» **Excerpted records**
== Segment start ==
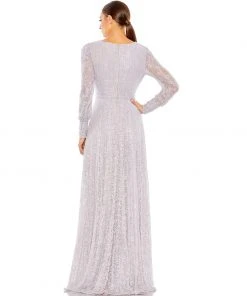 Mac Duggal Sequined Lace Long Sleeve Wrap Over Gown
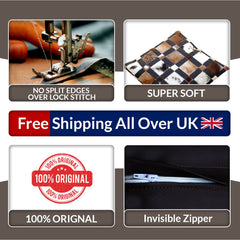 Luxurious Multicolor Handmade Patchwork Cowhide Cushion Cover for Natural Elegance and Comfort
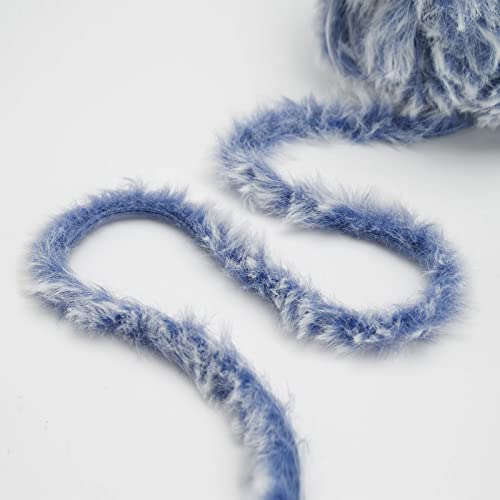 Pretty Jolly 4 Balls Faux Fur Yarn Super Soft Chunky Yarn Fluffy Yarn for Crochet Knitting Eyelash Yarn Polyester Yarn(Blue) - Image 4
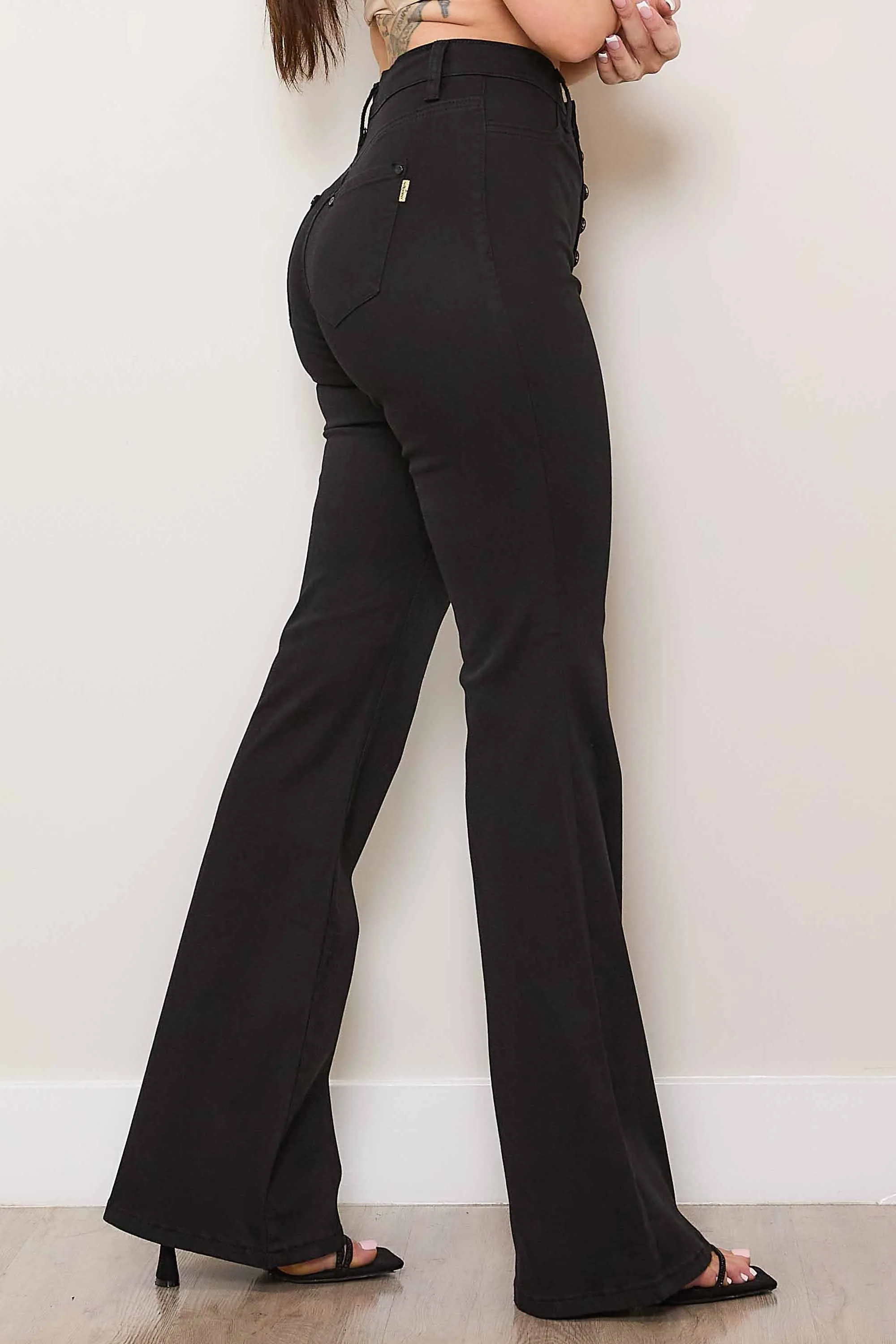 Essential Button Up Black Bootcut Jeans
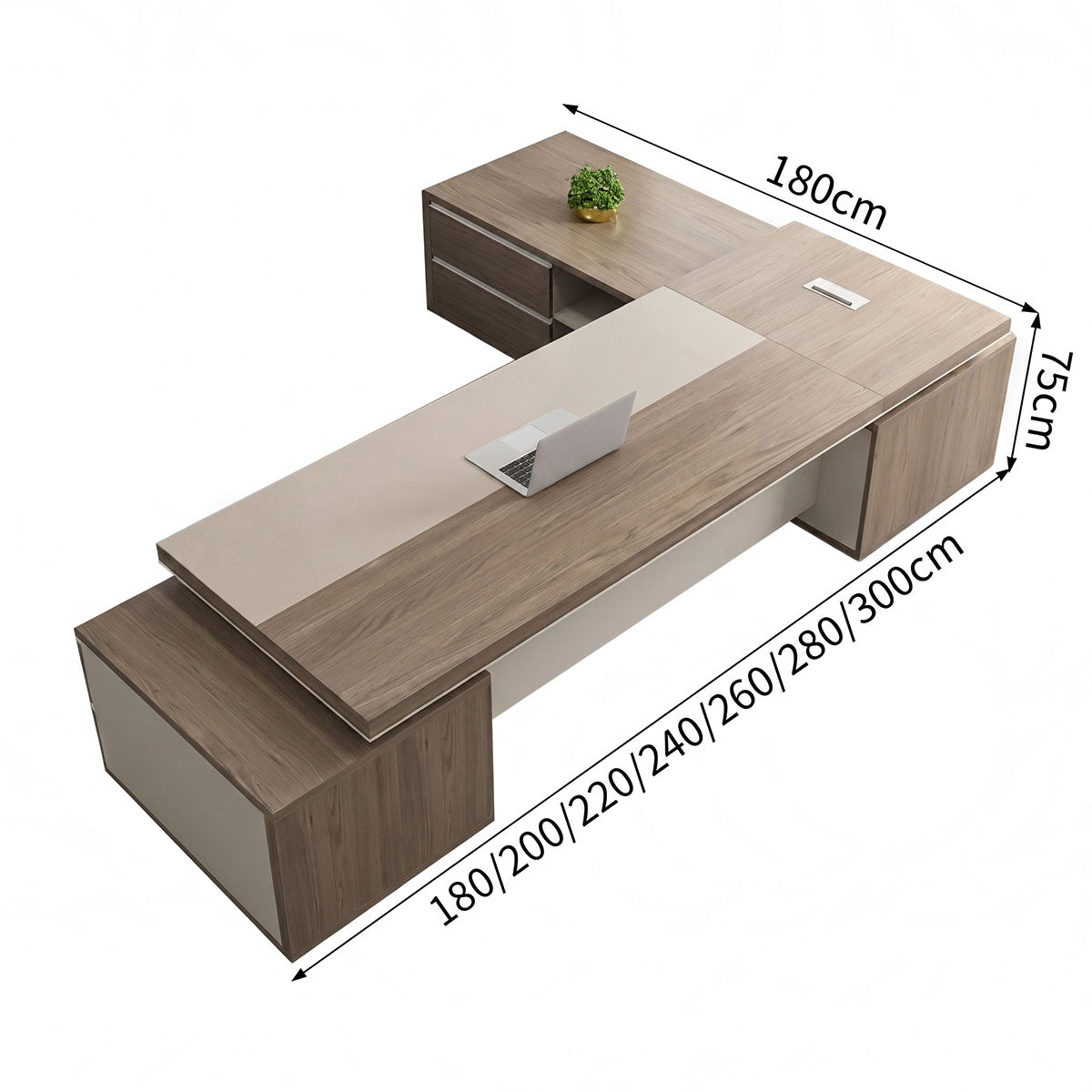 main image large executive desk with double sided storage cabinets LBZ C142 2 Hauptbild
== Segment end ==
» **Your instructions**
The entries should be printed again exactly as written, leaving all pictures out.

» **Expected answer**
 Mac Duggal Sequined Lace Long Sleeve Wrap Over Gown
 Luxurious Multicolor Handmade Patchwork Cowhide Cushion Cover for Natural Elegance and Comfort
 Pretty Jolly 4 Balls Faux Fur Yarn Super Soft Chunky Yarn Fluffy Yarn for Crochet Knitting Eyelash Yarn Polyester Yarn(Blue) - Image 4
 Essential Button Up Black Bootcut Jeans
 main image large executive desk with double sided storage cabinets LBZ C142 2 Hauptbild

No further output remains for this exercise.